In the course of a year, Carlson observed, "A single DNA drive would need to have the capacity to synthesize the equivalent of 10,000 human genomes. This production capacity will make synthetic DNA ubiquitously available for any use."

While a functional human genome cannot yet be built from synthetic DNA, Carlson added, "You can be sure that the scale of DNA synthesis required for DNA storage is going to bring de novo human genome synthesis into the spotlight sooner rather than later."

Technologically, the system is relatively simple, using techniques like the long-perfected polymerase chain reaction, which is just one of the tools genetic engineers use to create DNA memories in liquid form. The researchers claim to have no major engineering hurdles to surmount in order to mass-produce such systems in dry thin-films that can be integrated into the semiconductor design flow.

"The overall system supports reads and writes indefinitely," said Ceze, "and if kept dry and away from environmental hazards like ultraviolet light and extreme temperatures, DNA memories could last for a long, long time, up to hundreds or even thousands of years."

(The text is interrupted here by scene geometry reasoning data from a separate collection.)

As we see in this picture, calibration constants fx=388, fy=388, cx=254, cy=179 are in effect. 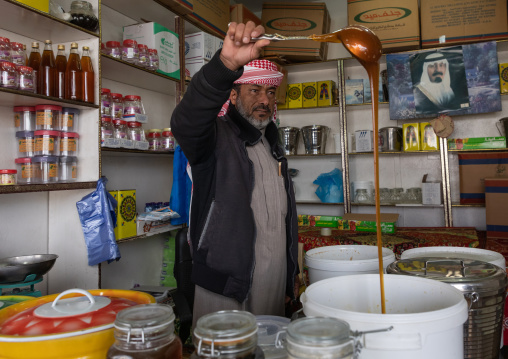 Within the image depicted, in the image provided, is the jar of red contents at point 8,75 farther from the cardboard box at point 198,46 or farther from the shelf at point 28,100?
the cardboard box at point 198,46

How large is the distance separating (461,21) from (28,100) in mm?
3383

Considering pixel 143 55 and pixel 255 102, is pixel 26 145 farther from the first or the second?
pixel 255 102

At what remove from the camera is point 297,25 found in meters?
3.83

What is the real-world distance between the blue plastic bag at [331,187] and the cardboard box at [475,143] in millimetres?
1056

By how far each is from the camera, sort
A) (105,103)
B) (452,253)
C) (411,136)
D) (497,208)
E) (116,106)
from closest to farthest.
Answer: (452,253) < (105,103) < (116,106) < (497,208) < (411,136)

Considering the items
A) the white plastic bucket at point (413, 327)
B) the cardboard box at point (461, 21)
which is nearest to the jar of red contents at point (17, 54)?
the white plastic bucket at point (413, 327)

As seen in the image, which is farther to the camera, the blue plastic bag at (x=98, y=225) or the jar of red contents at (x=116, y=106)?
the jar of red contents at (x=116, y=106)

To date, the team has successfully archived and retrieved—down to the individual bit—exact copies of hours and hours of video files from the Voices from the Rwanda Tribunal project, but it is amenable to any kind of digital data—from spreadsheets to photos to sensor streams.

The University of Washington’s Molecular Information Systems Lab is currently cooperating with Microsoft Research to develop a commercial DNA-based random-access archival storage system to meet the needs of data centers by 2020. Their biggest barrier is reducing the cost (Ceze said the cost "needs to be brought down many orders of magnitude") and increasing the efficiency of manufacturing and accessing DNA-based memories.

R. Colin Johnson is a Kyoto Prize Fellow who has worked as a technology journalist for two decades.